### BRIEF
Reproduce all the lines below exactly and omit the images.

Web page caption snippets
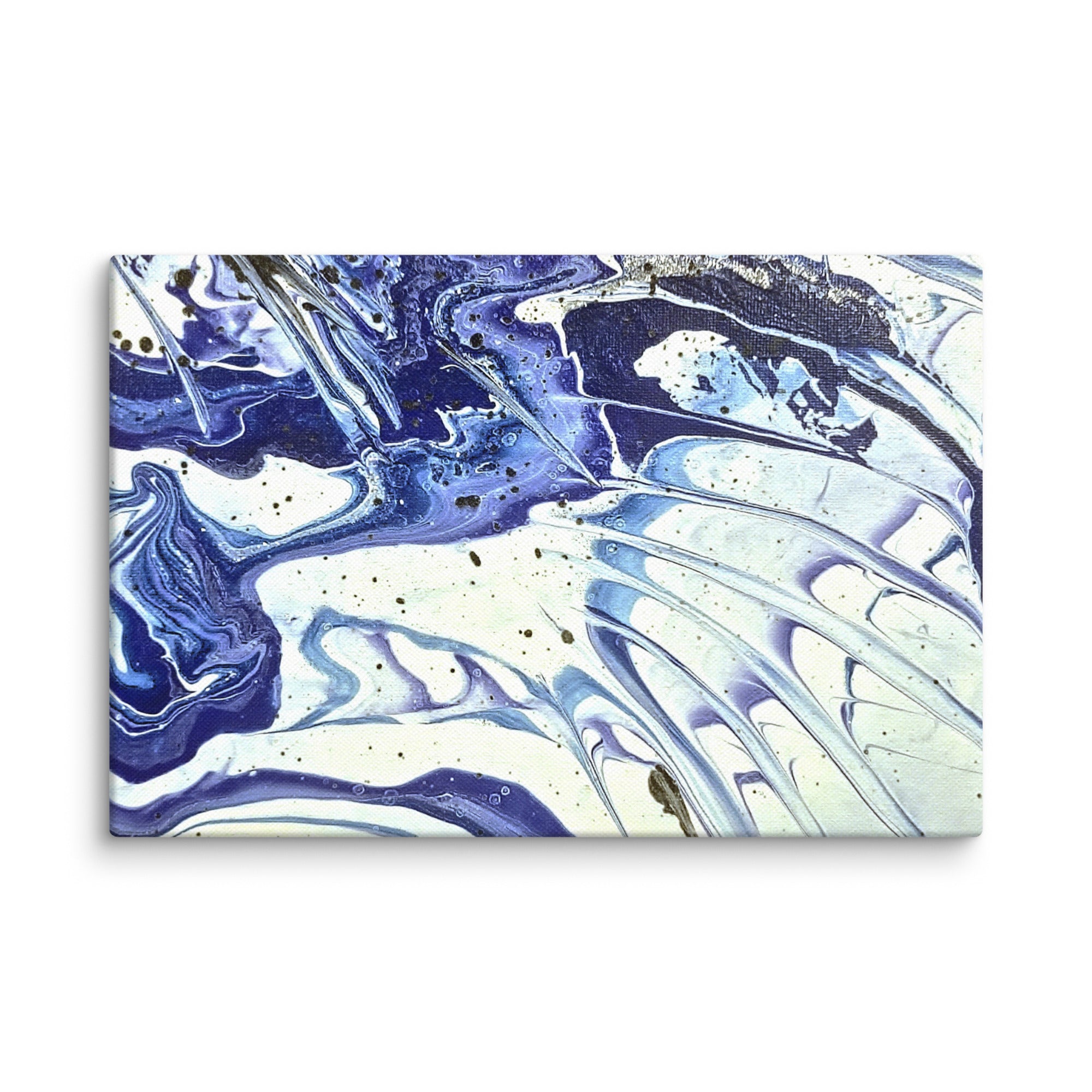Cobalt canvas print front-facing product image in 12 x 12 inch universal size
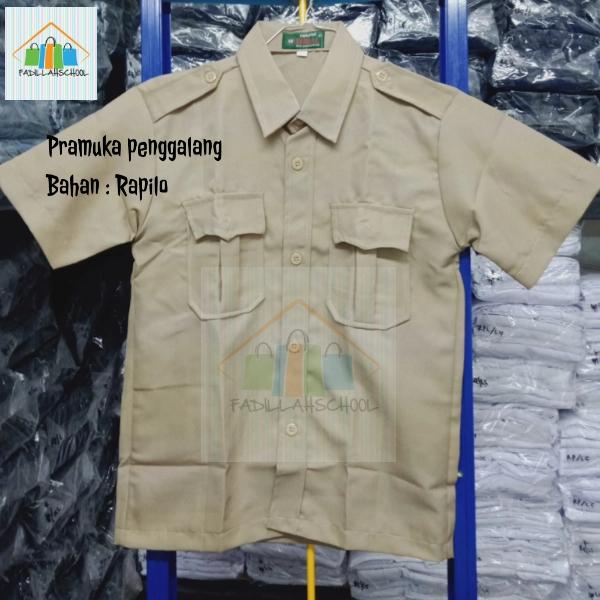 Baju Pramuka SD/SMP/SMA Bahan Licin Seragam sekolah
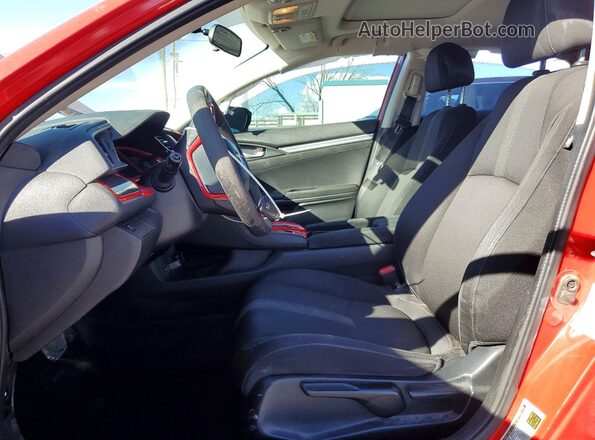 2HGFC1F30GH651516 2016 HONDA CIVIC Red Front interior view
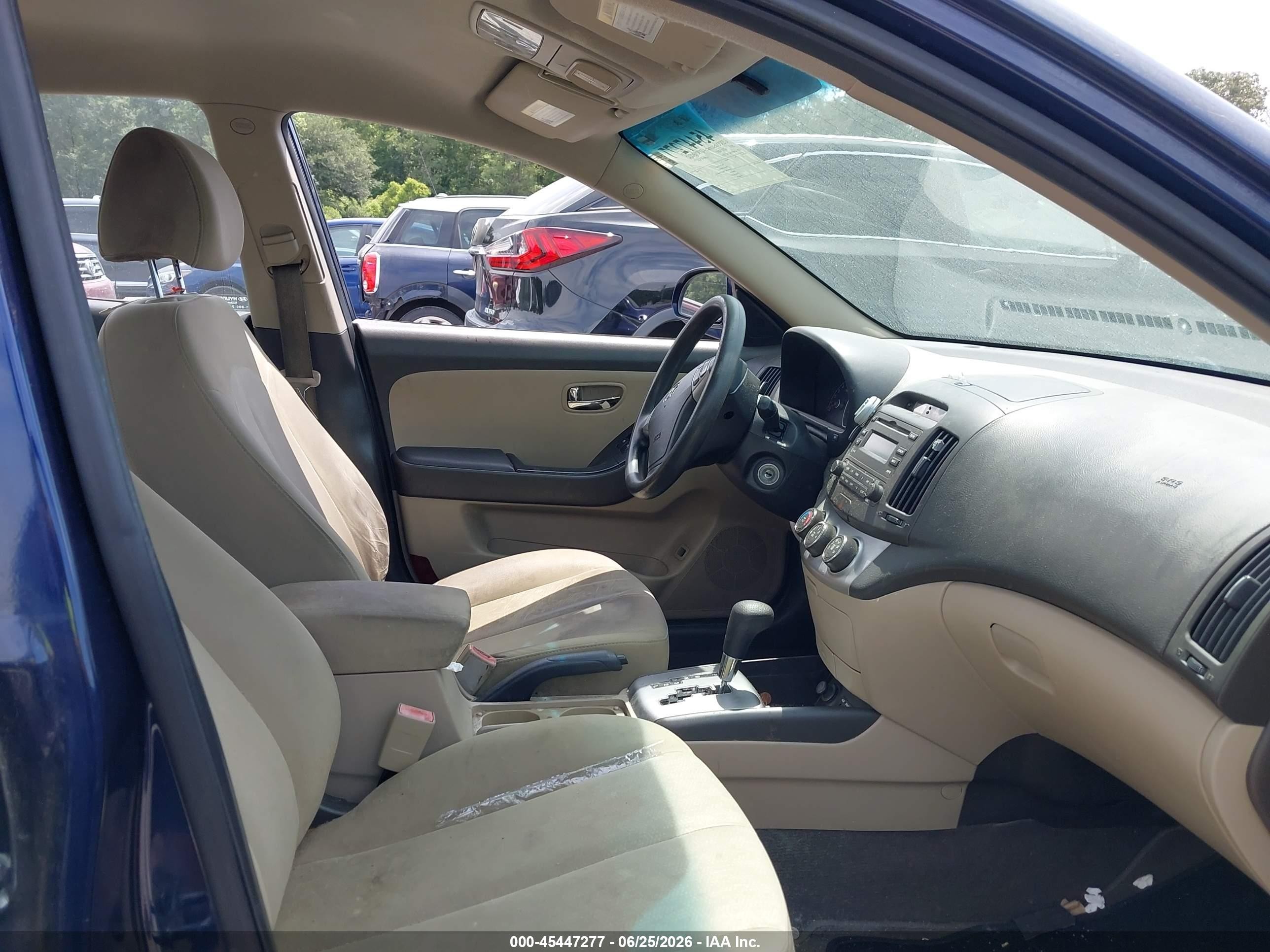 2010 Hyundai Elantra Gls Blue vin: KMHDU4AD2AU132312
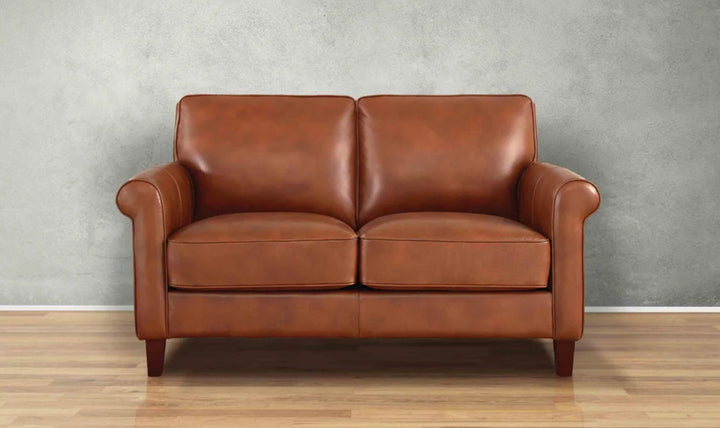 Hydeline Laguna Leather Loveseat With Zip Cover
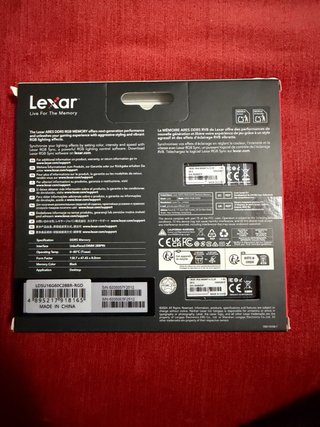 Lexar Kit RAM RGB DDR5 da 32 GB (2 x 16 GB)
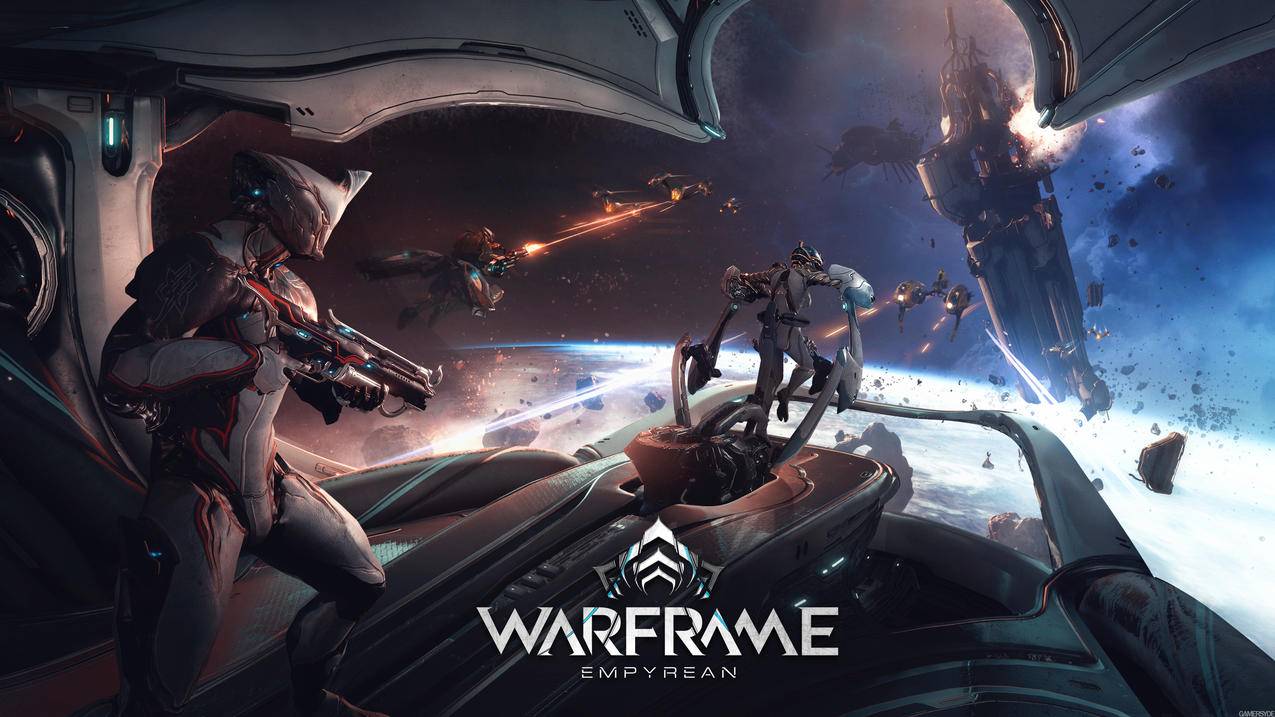 《星际战甲Warframe》战场,飞船,4K高清壁纸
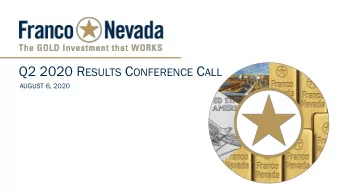 Cautionary Statement  Forward  rd Looking  ing Statements  ts This presentation contains forward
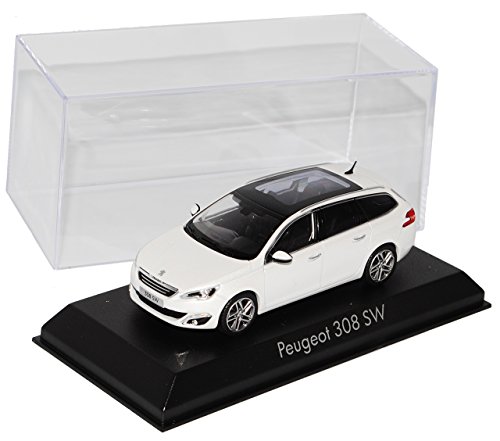 Norev Peugeot 308 SW Weiss Kombi AB 2013 2. Generation 1/43 Modell Auto von Norev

### RESPONSE BOX
Cobalt canvas print front-facing product image in 12 x 12 inch universal size
 Baju Pramuka SD/SMP/SMA Bahan Licin Seragam sekolah
 2HGFC1F30GH651516 2016 HONDA CIVIC Red Front interior view
 2010 Hyundai Elantra Gls Blue vin: KMHDU4AD2AU132312
 Hydeline Laguna Leather Loveseat With Zip Cover
 Lexar Kit RAM RGB DDR5 da 32 GB (2 x 16 GB)
 《星际战甲Warframe》战场,飞船,4K高清壁纸
 Cautionary Statement  Forward  rd Looking  ing Statements  ts This presentation contains forward
 Norev Peugeot 308 SW Weiss Kombi AB 2013 2. Generation 1/43 Modell Auto von Norev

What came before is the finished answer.